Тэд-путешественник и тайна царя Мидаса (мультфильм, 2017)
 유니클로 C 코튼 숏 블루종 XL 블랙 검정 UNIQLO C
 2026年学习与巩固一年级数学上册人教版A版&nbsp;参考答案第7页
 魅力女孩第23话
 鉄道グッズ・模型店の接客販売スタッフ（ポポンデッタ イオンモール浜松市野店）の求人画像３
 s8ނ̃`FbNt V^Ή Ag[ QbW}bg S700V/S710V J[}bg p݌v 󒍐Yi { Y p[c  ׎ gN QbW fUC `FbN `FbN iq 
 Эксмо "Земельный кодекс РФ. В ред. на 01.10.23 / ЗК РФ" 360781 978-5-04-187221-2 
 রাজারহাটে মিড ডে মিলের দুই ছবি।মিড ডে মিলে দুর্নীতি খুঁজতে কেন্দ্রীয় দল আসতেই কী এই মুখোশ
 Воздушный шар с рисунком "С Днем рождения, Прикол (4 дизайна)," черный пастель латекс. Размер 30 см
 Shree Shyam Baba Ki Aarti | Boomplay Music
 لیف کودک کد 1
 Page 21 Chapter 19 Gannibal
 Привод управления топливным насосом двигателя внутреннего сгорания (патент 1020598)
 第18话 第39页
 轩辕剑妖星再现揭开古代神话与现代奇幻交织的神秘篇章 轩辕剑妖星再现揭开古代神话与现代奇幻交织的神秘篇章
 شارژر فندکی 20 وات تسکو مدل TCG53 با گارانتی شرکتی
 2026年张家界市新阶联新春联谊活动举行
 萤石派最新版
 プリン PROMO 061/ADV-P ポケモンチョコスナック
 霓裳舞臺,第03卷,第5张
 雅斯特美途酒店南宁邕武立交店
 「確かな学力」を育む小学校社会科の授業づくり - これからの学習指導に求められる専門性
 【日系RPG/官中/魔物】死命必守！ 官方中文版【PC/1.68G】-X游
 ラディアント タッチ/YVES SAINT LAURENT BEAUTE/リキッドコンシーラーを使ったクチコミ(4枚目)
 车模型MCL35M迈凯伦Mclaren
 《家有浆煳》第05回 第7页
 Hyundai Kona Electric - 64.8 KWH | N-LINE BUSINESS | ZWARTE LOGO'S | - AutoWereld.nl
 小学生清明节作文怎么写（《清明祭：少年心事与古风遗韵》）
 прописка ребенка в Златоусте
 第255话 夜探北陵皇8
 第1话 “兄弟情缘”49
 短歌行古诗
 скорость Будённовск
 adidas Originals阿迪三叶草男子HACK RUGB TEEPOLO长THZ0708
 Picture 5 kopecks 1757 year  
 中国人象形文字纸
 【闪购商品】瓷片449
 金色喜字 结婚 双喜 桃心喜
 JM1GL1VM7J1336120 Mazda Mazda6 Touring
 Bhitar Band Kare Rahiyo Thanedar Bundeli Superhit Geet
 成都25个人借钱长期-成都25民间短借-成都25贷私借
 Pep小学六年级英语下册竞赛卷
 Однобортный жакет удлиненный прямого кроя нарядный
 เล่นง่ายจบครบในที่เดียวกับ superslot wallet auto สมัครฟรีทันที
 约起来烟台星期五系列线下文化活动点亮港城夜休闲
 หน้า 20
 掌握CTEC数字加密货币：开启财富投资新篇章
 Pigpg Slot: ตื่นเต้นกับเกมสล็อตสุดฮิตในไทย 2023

════════════════

Would you retype exactly the lines above, from the line with "Shree Shyam Baba Ki Aarti | Boomplay Music" to the line with "JM1GL1VM7J1336120 Mazda Mazda6 Touring", with both end lines kept and nothing more?

Solution below:
 Shree Shyam Baba Ki Aarti | Boomplay Music
 لیف کودک کد 1
 Page 21 Chapter 19 Gannibal
 Привод управления топливным насосом двигателя внутреннего сгорания (патент 1020598)
 第18话 第39页
 轩辕剑妖星再现揭开古代神话与现代奇幻交织的神秘篇章 轩辕剑妖星再现揭开古代神话与现代奇幻交织的神秘篇章
 شارژر فندکی 20 وات تسکو مدل TCG53 با گارانتی شرکتی
 2026年张家界市新阶联新春联谊活动举行
 萤石派最新版
 プリン PROMO 061/ADV-P ポケモンチョコスナック
 霓裳舞臺,第03卷,第5张
 雅斯特美途酒店南宁邕武立交店
 「確かな学力」を育む小学校社会科の授業づくり - これからの学習指導に求められる専門性
 【日系RPG/官中/魔物】死命必守！ 官方中文版【PC/1.68G】-X游
 ラディアント タッチ/YVES SAINT LAURENT BEAUTE/リキッドコンシーラーを使ったクチコミ(4枚目)
 车模型MCL35M迈凯伦Mclaren
 《家有浆煳》第05回 第7页
 Hyundai Kona Electric - 64.8 KWH | N-LINE BUSINESS | ZWARTE LOGO'S | - AutoWereld.nl
 小学生清明节作文怎么写（《清明祭：少年心事与古风遗韵》）
 прописка ребенка в Златоусте
 第255话 夜探北陵皇8
 第1话 “兄弟情缘”49
 短歌行古诗
 скорость Будённовск
 adidas Originals阿迪三叶草男子HACK RUGB TEEPOLO长THZ0708
 Picture 5 kopecks 1757 year  
 中国人象形文字纸
 【闪购商品】瓷片449
 金色喜字 结婚 双喜 桃心喜
 JM1GL1VM7J1336120 Mazda Mazda6 Touring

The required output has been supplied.